Until that moment, they have every kind of opinion. Your opinions are in their dominion to be judged and criticized. They’re not scared to say anything. But soon after you’re someone who’s tied to someone they have in their lives, everything goes hush. It’s like you’re a completely new person.
Why is it that you do not realize that, that girl is her own person? The respect she deserves or gets isn’t to be tied to whose daughter or whose sister or whose girlfriend or wife she is, but to her & her alone.
Your attitude toward her may change based on those external ties, but she as a person never has. She’s grown to be a person, the same as you and everyone you’ve known, loved and cherished.

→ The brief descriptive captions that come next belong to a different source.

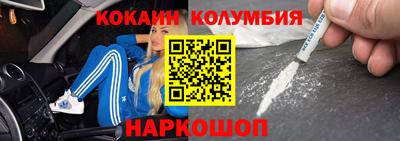 таблы Славянск-на-Кубани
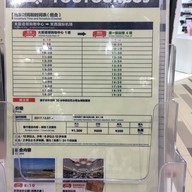 Doton Plaza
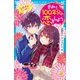 きみと100年分の恋をしよう 大好きがいっぱい（講談社） [電子書籍]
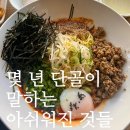 가로수식당 | 온천장 밥집 수림식당 탄탄면 가지만두 맥주 사라진 재방문 솔직후기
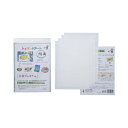 シュリンクアート縮画 05-4593 【×5セット】 【お徳用 まとめ買い お買い得 業務用 割引 セット販売】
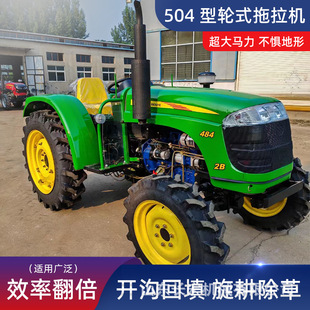 50�R���r�ù��@ʩ�ʲ��N�����C504��ˮ�����ó���ʽ�����C���ؙC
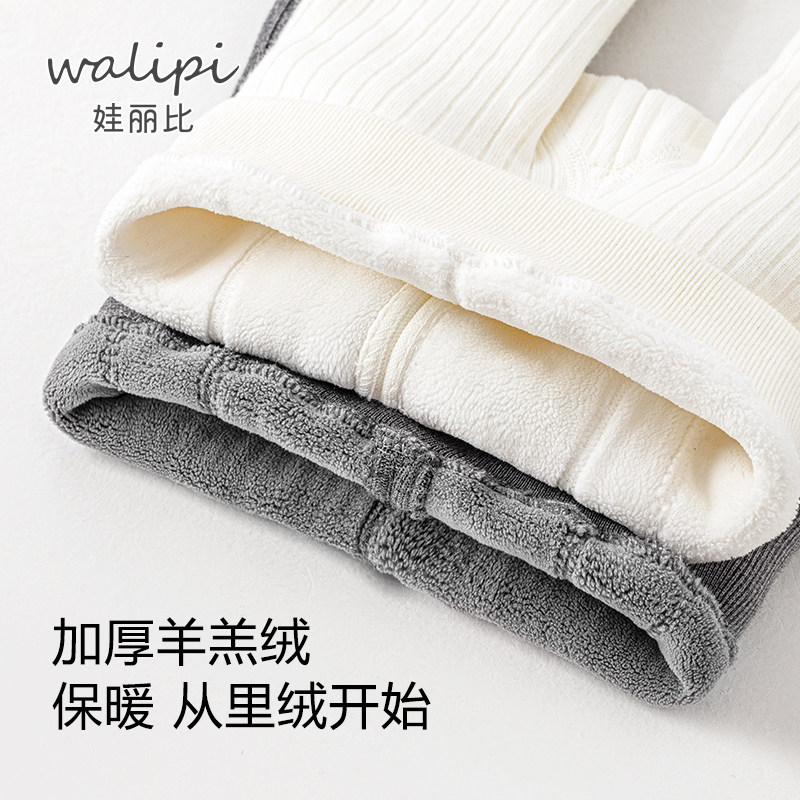 婴儿连裤袜秋冬季加绒加厚打底裤女宝宝保暖打底袜女童舞蹈袜白色,淘宝优惠券,粉丝福利购,淘宝优惠卷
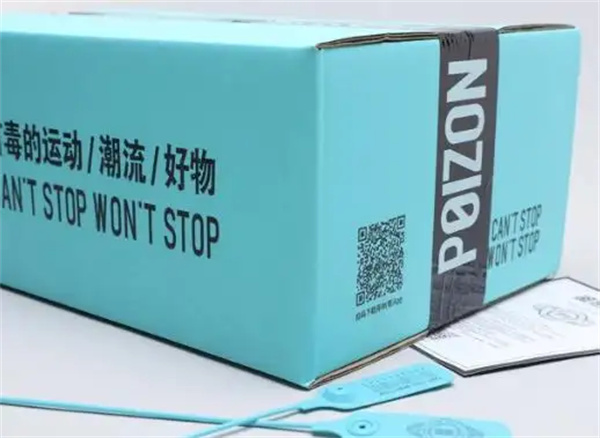 得物的快递都是顺丰吗？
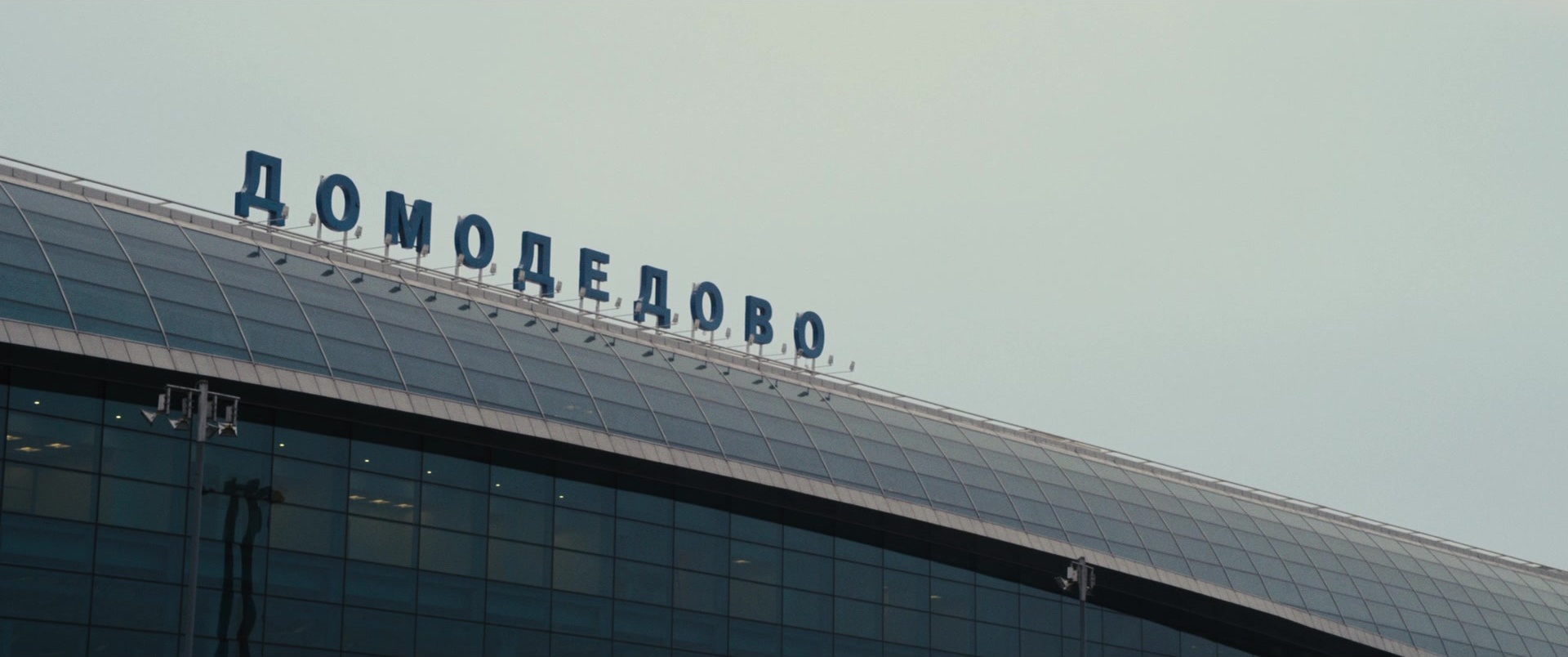 Jack Ryan: Shadow Recruit (2013), unknown, 2.39:1 — film still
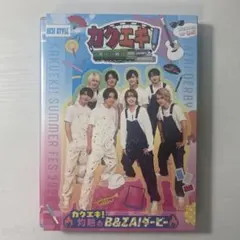 カクエキ！ 灼熱のB&ZAIダービー DVD 未開封 - メルカリ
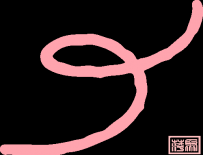 中美再次暂停实施相互 24% 关税 90 天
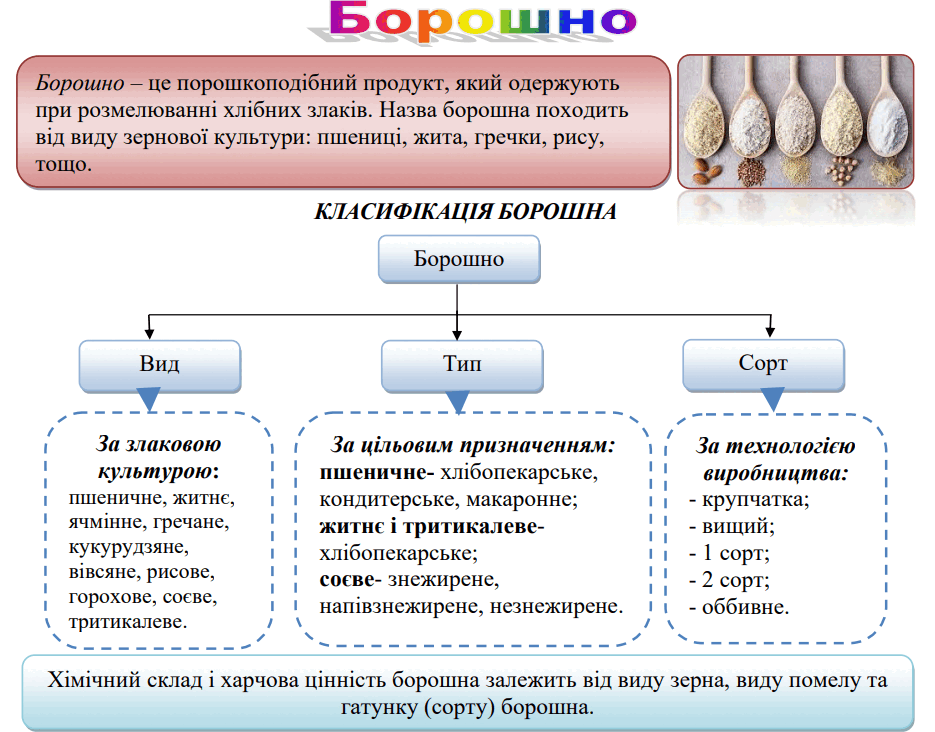 06011mxu-d3b9-935x732.png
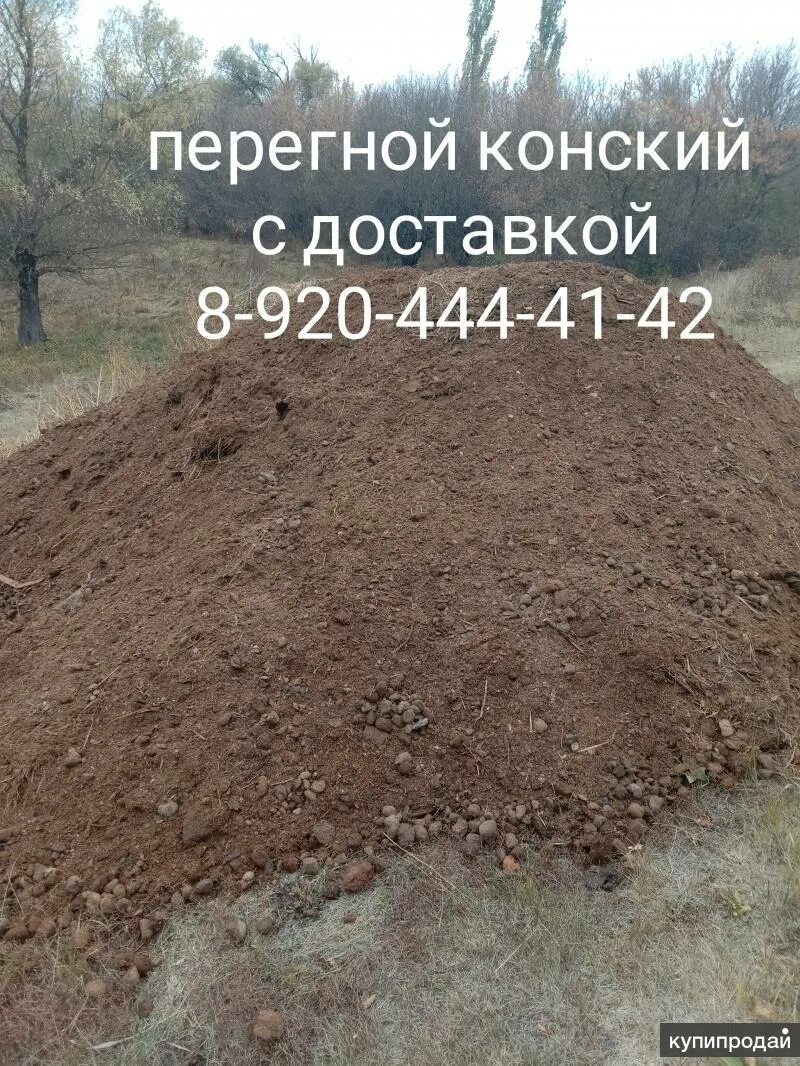 Конский перегной в мешках. Конский навоз в мешках. Навоз перепревший коровий. Конский перегной. Конский перегной.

To all of you who have a particular set of expectations of a woman who you’ve met through ties and different ones for a woman you’ve met through no ties, I’m not here to change anyone’s mind. I mean none of this probably would’ve even occurred to me had they kept talking to me the same as before, I’d have figured that’s just how they are, who they are. I’m not here to shame anyone.
I’m here to acknowledge that most of this comes into and becomes part of our own attitudes through culture, even some traditions and most of all through our experiences and especially those experiences we have during our foundational years.
It’s not up to the world to teach us only the right things. It’s up to us to be able to differentiate between right and wrong and to be able to accept that which You deem right.
P.S: We don’t witness every face of a person. All I can say is, do not dismiss what you do see, due to your own positive bias. The benefit of the doubt is not fitting or benefiting everywhere.
And we’re done with Day 12 already. Damn.